Money isn't the most important thing here, though, despite that being what will catch most people's attention. What we mustn't do is lose sight of the values and approach that saw Huddersfield overcome various hurdles last season, and create the positive atmosphere at the club as we enjoy it today.
Central to their success was squad harmony, mutual respect and a shared desire to propel the club in to the unknown, punching above their weight as a whole and a collective, rather than individuals. Town didn't have the most star studded Championship squad, and certainly can't boast some of the household names we're due to encounter in the Premier League, but what stood them apart was how they fought and played for one another as a team - failure to invest in that would've been criminal.

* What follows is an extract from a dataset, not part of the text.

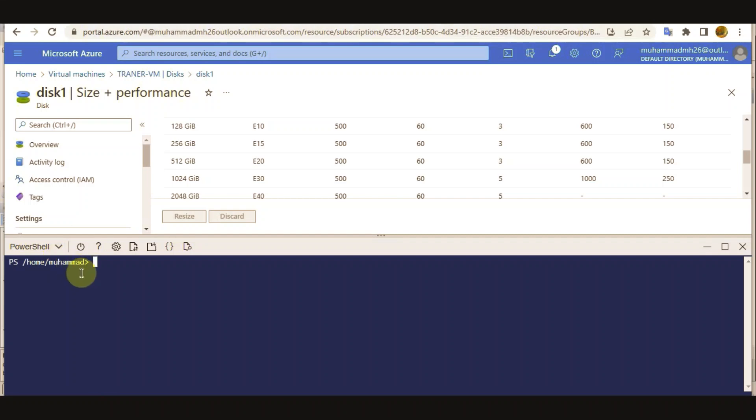So if you enable the Live Resize, it will be applicable for your entire subscription, not for a single VM.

To date, the likes of Christopher Schindler, Jonathan Hogg, Christopher Lowe, Tommy Smith, Philip Billing, Michael Hefele and Rajiv Van La Parra have all reaffirmed their commitment to Huddersfield Town, amongst others.
With the manager also putting pen to paper on his own new deal, it appears that the main cast from last season seem determined to finish what they started in getting Town promoted in the first place, and show the Premier League what they're about - together. That sense of continuity and momentum isn't just theoretical, either; just ask Crystal Palace.

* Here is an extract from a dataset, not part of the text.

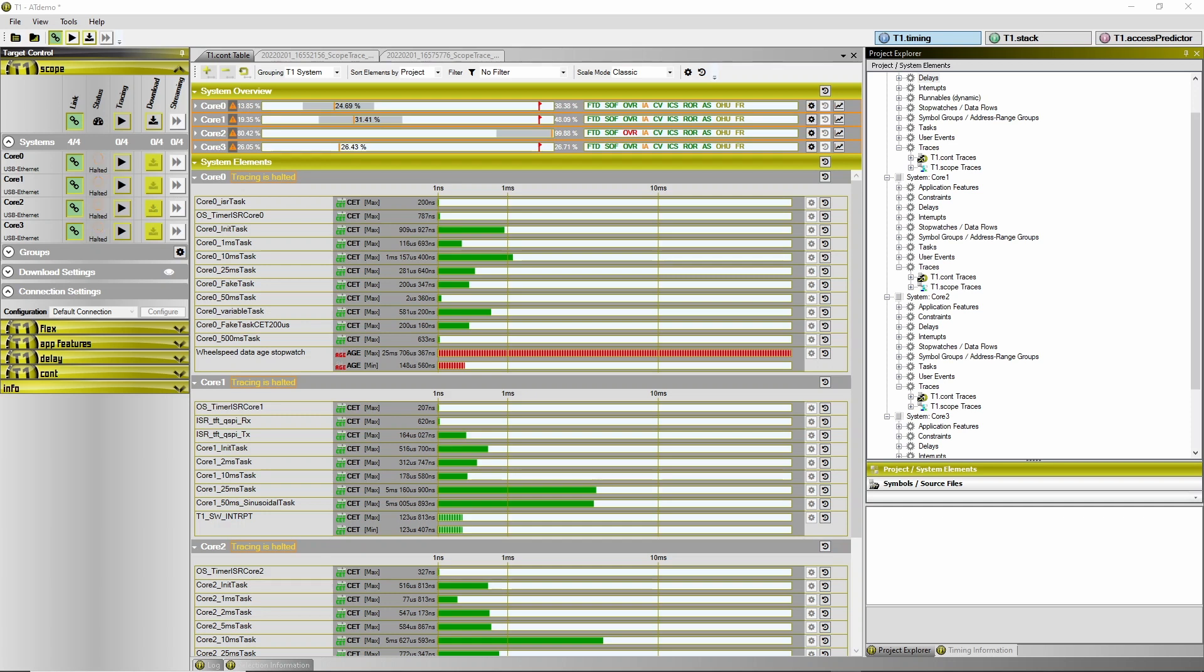I hope that this video helps you to find out why the tracing did halt in your particular case. Remember, whenever the tracing halts spontaneously on the target side,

While it's somewhat unfair to judge Palace too harshly on the evidence of one match, what it did show was just how important familiarity and identity can be to a performance.
With a new coach, new way of playing in no way comparable to what has come before and fresh faces occupying new positions, Crystal Palace were short in exactly the same intangible areas that Huddersfield couldn't have been stronger in - Town knew what they were doing, how it should be done, when and by who. Their opponents seemed like eleven strangers in comparison, plucked from the crowd and banded together on the fly.
Without retaining the players Town have - and by extension, the spirit - the new signings the club have introduced may have felt like it was their first day at school again, rather than being accepted in to a family. With all that the team will come against this season, both on and off the field, it can't be understated just how important it is to have safeguarded that foundation for another campaign.
Harmony may appear to be a fluffy concept from the outside looking in, but there's no coincidence that the clubs with ongoing internal differences are the ones who suffered most on the opening weekend. Liverpool, with Coutinho seeking an escape route, faltered away to Watford, who'd they otherwise have expected to beat.
West Ham, who don't seem to know whether they're coming or going, capitulated against a Manchester United side who finally seem to have found common ground. Newcastle folded against a Tottenham team who may not have made any signings, but have maintained the spine of a side who've probably been the best team in the country over the past two seasons.
Most tellingly, the champion Chelsea side who can't seem to go five minutes without fresh scandal were felled, at home, by Burnley, who took advantage of two red cards to band together and hold out for the win. Roman Abramovich likely has the capital to buy Burnley if he so desired - and that's the town, not the club - but that didn't matter a jot when the two teams came face-to-face at the weekend.
When people like David Wagner talk about spirit and identity it can sometimes roam in to the realm of buzzwords and catchphrases, but that doesn't for a second detract from its validity or impact.
It would be foolish not to acknowledge the business of the new contracts, too. While in the Championship, it was easier to keep to ourselves just how good the likes of Aaron Mooy and Christopher Schindler are, especially with the questionable level of coverage and punditry that accompanied the club.
In the Premier League, however, these will be names and players that will soon have suitors with far deeper pockets than you or I could imagine, and having them signed up on long term contracts will put the club in the best position possible of being rightly remunerated when those offers do inevitably come tumbling in. Safeguarding the financial future of a club like Huddersfield isn't defeatist, but appropriately pragmatic, and is yet another sign of just how far the club have come in such a short amount of time.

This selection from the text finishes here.